* What the task requires *
Once you reach the line with "Phlox glaberrima - Marsh Phlox Pink Flowers" in the material below, copy each line exactly up to and including the line with "Maasai-Mara Topigazelle - Kenia", and skip the pictures.

* Data records *
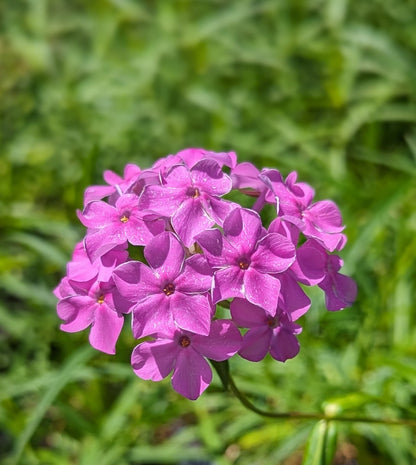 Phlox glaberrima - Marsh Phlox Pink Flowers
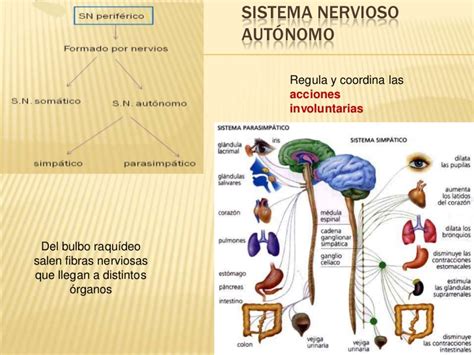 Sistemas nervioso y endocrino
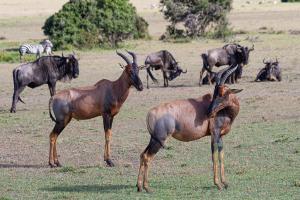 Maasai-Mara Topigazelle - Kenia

==

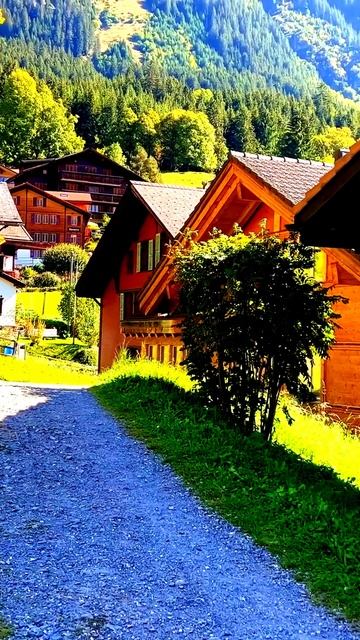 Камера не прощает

---

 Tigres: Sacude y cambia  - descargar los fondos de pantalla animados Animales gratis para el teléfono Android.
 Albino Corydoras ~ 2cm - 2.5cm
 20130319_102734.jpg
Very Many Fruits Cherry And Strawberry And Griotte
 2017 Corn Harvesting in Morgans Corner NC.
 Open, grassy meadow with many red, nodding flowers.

* Response area *
 Phlox glaberrima - Marsh Phlox Pink Flowers
 Sistemas nervioso y endocrino
 Maasai-Mara Topigazelle - Kenia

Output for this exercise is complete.